EX-99.1 2 a06-23024_2ex99d1.htm EX-99.1

Exhibit 99.1

November 7, 2006

DEVELOPERS DIVERSIFIED TO ACQUIRE INLAND RETAIL
REAL ESTATE TRUST, INC. FOR $6.2 BILLION

Dear Inland Retail Real Estate Trust, Inc. Shareholder:

We are pleased to announce that on October 20, 2006, Inland Retail Real Estate Trust, Inc. (“Inland Retail”) and Developers Diversified Realty Corporation (“DDR”) entered into a definitive merger agreement.  Under the agreement, DDR will acquire the outstanding shares of Inland Retail for $14.00 per share.  DDR may elect to issue up to $4.00 per share of the total merger consideration in the form of common shares of DDR.  A copy of the joint press release is enclosed.

I am extremely gratified to present this exciting liquidity event to you and am delighted to be able to offer an outstanding return to shareholders on their Inland Retail investment while delivering our extremely high quality portfolio to one of the premier owner/operators in our sector.  DDR is well respected in the industry and will own or manage over 800 shopping centers in 45 states, plus Puerto Rico and Brazil, following the merger.  We look forward to working closely with DDR’s management throughout the transition process.

Shareholders should receive a proxy statement detailing both the merger and the procedure for voting on the transaction prior to the end of the year.  With shareholders’ approval, it is anticipated that this transaction will close in the first quarter of 2007.

In connection with the merger agreement, the Distribution Reinvestment Program and Share Repurchase Program have been suspended and will not be reinstated.  Therefore, effective with this distribution and going forward, you will receive cash distributions.

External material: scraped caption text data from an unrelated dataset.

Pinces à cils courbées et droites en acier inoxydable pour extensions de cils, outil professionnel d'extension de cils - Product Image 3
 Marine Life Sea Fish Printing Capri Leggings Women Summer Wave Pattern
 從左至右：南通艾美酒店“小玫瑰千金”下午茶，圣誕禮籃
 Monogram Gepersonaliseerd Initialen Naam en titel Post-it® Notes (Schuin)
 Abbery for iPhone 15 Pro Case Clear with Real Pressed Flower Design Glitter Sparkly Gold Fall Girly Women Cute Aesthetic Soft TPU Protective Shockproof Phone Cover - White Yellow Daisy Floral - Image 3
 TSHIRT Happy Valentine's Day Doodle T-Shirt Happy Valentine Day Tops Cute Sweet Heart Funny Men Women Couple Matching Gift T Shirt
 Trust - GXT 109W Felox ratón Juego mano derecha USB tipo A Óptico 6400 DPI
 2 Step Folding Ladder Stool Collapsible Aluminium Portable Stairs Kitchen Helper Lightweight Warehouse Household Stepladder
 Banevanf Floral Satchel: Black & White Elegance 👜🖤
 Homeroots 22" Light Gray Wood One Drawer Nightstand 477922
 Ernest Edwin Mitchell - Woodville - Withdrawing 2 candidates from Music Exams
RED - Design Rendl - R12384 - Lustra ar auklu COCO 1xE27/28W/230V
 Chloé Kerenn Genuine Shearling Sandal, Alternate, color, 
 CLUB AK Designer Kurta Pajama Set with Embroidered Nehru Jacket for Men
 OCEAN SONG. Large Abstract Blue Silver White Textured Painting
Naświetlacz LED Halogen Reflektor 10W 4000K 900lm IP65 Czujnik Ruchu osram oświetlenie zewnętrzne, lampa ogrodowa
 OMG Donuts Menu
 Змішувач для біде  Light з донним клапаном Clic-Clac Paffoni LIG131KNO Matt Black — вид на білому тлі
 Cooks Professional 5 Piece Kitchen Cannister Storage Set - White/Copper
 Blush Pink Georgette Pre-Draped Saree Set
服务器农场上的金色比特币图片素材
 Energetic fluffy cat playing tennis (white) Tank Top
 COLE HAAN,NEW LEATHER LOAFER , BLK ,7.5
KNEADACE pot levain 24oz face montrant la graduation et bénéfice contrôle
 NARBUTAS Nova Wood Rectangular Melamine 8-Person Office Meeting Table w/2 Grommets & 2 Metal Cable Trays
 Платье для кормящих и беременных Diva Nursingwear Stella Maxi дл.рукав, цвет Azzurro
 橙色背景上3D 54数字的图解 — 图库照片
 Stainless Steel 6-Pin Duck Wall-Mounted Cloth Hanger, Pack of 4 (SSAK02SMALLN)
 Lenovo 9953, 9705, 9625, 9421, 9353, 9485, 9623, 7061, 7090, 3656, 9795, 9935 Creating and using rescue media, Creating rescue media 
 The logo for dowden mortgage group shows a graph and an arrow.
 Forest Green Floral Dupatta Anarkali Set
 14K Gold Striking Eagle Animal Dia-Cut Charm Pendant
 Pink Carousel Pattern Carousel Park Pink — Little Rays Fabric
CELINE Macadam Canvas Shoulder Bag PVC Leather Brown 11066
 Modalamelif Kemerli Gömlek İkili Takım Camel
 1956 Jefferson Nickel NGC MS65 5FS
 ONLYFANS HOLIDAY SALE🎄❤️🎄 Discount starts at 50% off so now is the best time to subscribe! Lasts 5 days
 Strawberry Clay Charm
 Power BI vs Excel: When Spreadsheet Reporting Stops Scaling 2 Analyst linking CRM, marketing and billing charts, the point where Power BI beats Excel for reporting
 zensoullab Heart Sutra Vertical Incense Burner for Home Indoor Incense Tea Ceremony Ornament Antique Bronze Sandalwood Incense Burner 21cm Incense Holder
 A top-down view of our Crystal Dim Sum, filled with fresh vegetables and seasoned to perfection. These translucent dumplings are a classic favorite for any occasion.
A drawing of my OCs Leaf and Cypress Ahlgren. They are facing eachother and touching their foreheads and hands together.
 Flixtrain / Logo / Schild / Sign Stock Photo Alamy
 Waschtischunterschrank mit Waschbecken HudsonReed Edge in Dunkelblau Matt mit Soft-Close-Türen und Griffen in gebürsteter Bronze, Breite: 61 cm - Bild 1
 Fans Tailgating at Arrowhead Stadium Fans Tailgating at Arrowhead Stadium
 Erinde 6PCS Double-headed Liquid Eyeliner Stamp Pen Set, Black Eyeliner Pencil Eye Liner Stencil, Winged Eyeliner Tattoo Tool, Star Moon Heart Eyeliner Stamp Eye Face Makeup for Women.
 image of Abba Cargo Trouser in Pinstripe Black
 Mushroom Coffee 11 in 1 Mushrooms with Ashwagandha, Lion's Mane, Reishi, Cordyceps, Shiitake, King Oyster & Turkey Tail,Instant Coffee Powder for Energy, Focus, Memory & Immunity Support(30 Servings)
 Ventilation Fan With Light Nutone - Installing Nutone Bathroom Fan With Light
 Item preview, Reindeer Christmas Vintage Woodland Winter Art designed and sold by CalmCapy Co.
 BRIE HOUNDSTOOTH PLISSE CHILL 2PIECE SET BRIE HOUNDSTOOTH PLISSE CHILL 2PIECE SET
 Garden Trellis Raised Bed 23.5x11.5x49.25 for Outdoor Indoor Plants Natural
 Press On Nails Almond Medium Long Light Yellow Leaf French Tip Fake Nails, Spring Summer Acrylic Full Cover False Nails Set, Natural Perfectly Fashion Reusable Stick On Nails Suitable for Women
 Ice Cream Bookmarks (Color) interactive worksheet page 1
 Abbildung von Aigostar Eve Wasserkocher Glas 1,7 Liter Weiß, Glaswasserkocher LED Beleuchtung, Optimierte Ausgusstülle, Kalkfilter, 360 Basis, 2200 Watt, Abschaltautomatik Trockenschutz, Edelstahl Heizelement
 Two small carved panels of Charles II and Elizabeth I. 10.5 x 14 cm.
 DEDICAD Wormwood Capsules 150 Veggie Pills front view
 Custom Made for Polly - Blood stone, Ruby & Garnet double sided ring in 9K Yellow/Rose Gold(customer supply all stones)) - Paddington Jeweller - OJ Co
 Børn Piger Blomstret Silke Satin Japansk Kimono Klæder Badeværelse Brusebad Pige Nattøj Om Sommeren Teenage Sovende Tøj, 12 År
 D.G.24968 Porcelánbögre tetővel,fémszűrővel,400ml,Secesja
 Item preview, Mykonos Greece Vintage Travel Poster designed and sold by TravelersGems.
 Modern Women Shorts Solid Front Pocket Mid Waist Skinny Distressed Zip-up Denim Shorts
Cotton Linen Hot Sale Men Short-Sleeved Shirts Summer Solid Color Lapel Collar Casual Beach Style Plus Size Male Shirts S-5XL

At this time, no action on your part is necessary.  More detailed information will be forthcoming to you.  If you have any questions, please contact your Investment Representative or Inland Retail Investor Relations at (800) 348-9192.

Sincerely,

INLAND RETAIL REAL ESTATE TRUST, INC.

Barry L. Lazarus

Chief Executive Officer

Additional Information and Where to Find It:

This letter does not constitute an offer of any securities for sale. In connection with the proposed transaction, Developers Diversified and IRRETI expect to file a proxy statement/ prospectus as part of a registration statement regarding the proposed merger with the Securities and Exchange Commission. Investors and security holders are urged to read the proxy statement/prospectus because it will contain important information about Developers Diversified and IRRETI and the proposed merger. Investors and security holders may obtain a free copy of the definitive proxy statement/prospectus and other documents filed by Developers Diversified and IRRETI with the SEC at the SEC’s website at www.sec.gov. The definitive proxy statement/prospectus and other relevant documents may also be obtained free of charge from Developers Diversified and IRRETI by directing such request to:  Developers Diversified Realty Corporation, Attention: Investor Relations, 3300 Enterprise Parkway, Beachwood, Ohio 44122 or Inland Retail Real Estate Trust, Inc., Attention: Investor Relations, 2901 Butterfield Road, Oak Brook, IL 60523. Investors and security holders are




urged to read the proxy statement, prospectus and other relevant material when they become available before making any voting or investment decisions with respect to the merger.

Developers Diversified and IRRETI and their respective directors and executive officers may be deemed to be participants in the solicitation of proxies from the shareholders of IRRETI in connection with the merger. Information about Developers Diversified and its directors and executive officers, and their ownership of Developers Diversified securities, is set forth in the proxy statement for the 2006 Annual Meeting of Stockholders of Developers Diversified, which was filed with the SEC on April 3, 2006. Information about IRRETI and its directors and executive officers, and their ownership of IRRETI securities, is set forth in the proxy statement for the 2006 Annual Meeting of Stockholders of IRRETI, which was filed with the SEC on October 14, 2006. Additional information regarding the interests of those persons may be obtained by reading the proxy statement/prospectus when it becomes available.